Suspected rebels kill Govt official in Afghanistan
The administrative chief of Zurmat district in Paktia province, Mamor Zahir, was killed when several attackers opened fire on him.india Updated: Mar 14, 2006 14:23 IST
Suspected Taliban rebels shot dead a district chief in eastern Afghanistan on Tuesday while several bombs exploded in the south, killing a civilian, security officials said.
The administrative chief of Zurmat district in eastern Paktia province, Mamor Zahir, was killed when several attackers opened fire on him outside his home early in the morning, the provincial security director said.
Zahir's bodyguards returned fire, killing one of the attackers and wounding several who managed to escape, director Ghulam Nabi Salem told the agency.
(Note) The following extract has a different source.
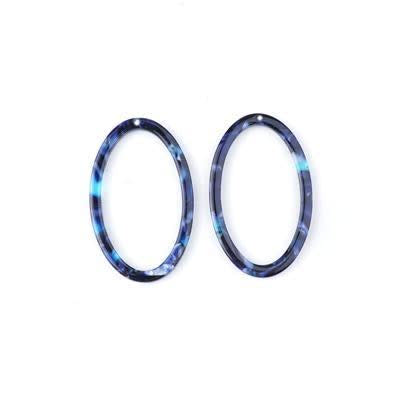 40x25mm Blue Acetate Oval Ring Pendant (1 Pair)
Paktia, along the border with Pakistan, had been relatively calm for about a year but once saw regular attacks linked to militants loyal to the Taliban regime removed from power in US-led invasion in late 2001.
The insurgency is focused on southern and eastern Afghanistan, although there have been several attacks in the rest of the country in the past months.
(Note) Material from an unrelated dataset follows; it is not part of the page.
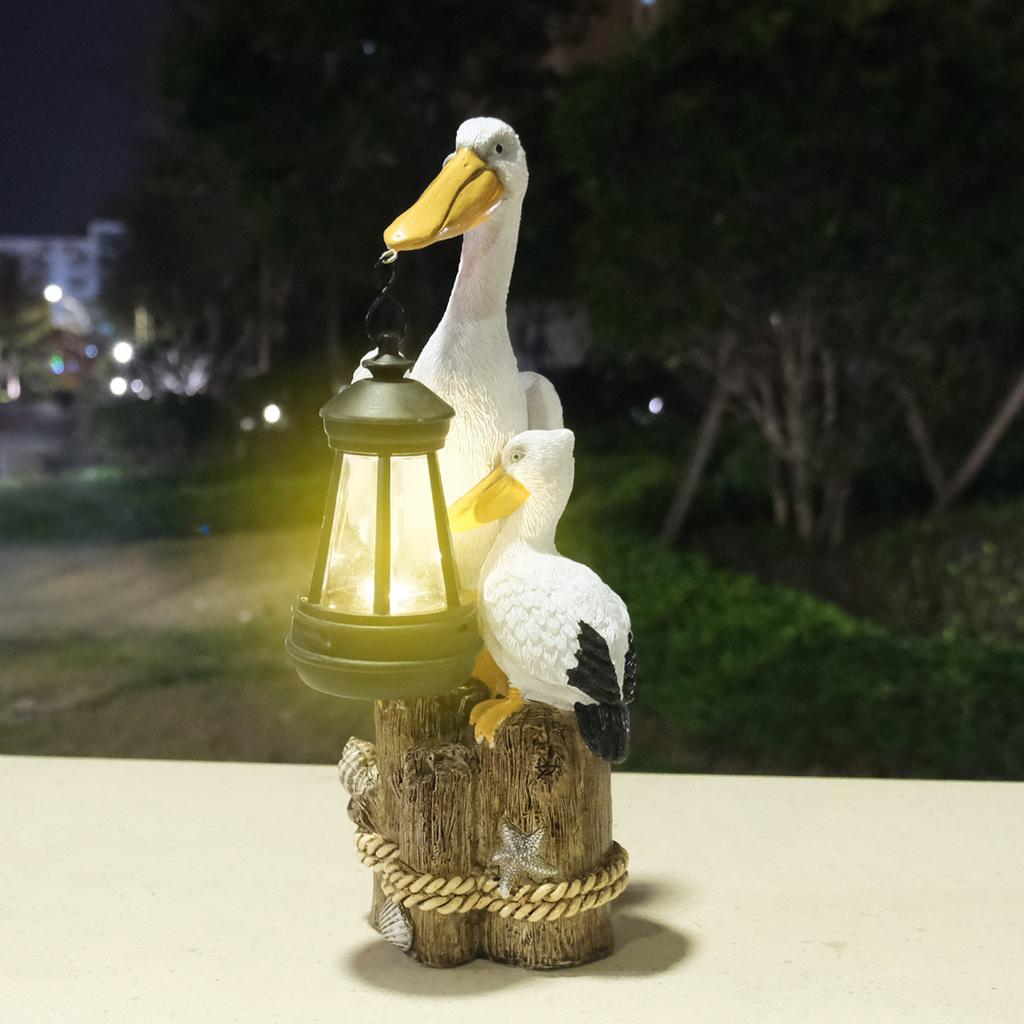JYL TS/080,Resin Cute Pelican Seagull Pendant Light Solar Outdoor Light Statue for Home Villa Decor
The main targets of the insurgency are Afghan and foreign security forces who have been based in the country for four years to hunt down militants allied with the Al-Qaeda terror network.
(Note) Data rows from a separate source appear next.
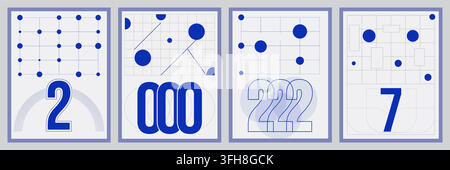 A collection of four abstract artistic posters featuring blue geometric patterns, lines, dots, and large numbers on a light gray background. Stock Vector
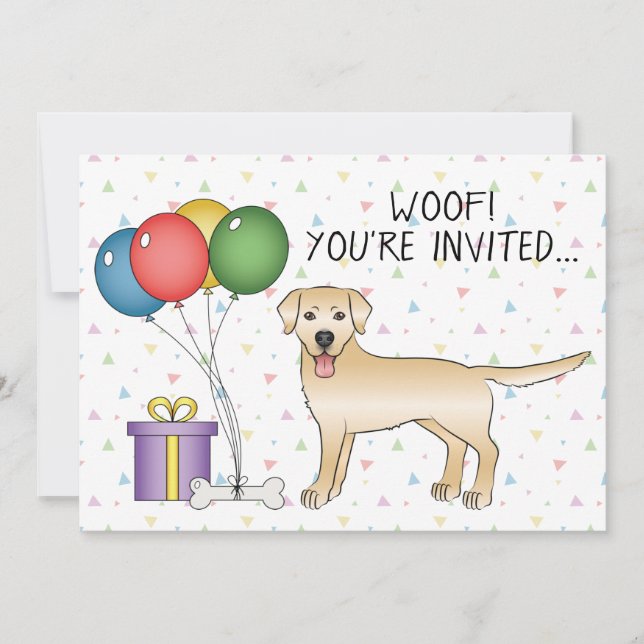Yellow Labrador Retriever Cartoon Dog - Birthday Invitation (Front)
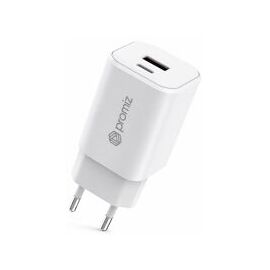 Promiz (PZ-30054) Wall Charger - Dual USB-C/USB-A - 45W - GaN - White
In the southern province of Kandahar, a hotbed of Taliban activities, a male civilian was killed and another wounded Monday when the motorbike they were driving hit a mine, police said.
Purported Taliban spokesman Yousuf Ahmadi said the bomb in the insurgency-hit town of Spin Boldak, on the border with Pakistan, was planted by Taliban fighters and intended for police.
Two other bombs struck police vehicles in the Kandahar districts of Arghandab and Maiwand Monday but caused no casualties, a police official said on condition of anonymity.
The Arghandab blast targeted a counter-narcotics vehicle which was slightly damaged.
The Taliban for more than four years have been waging their guerrilla-style insurgency against the government of President Hamid Karzai, which is backed by thousands of foreign troops including some 16,000 Americans.
The revolt was launched right after the toppling of the Taliban government and has claimed thousands of lives.
Violence, most of it linked to the Taliban-led insurgency, killed about 1,700 people last year, many of them militants.
More than 100 have been killed this year, including four US soldiers who died in a bomb blast on Sunday.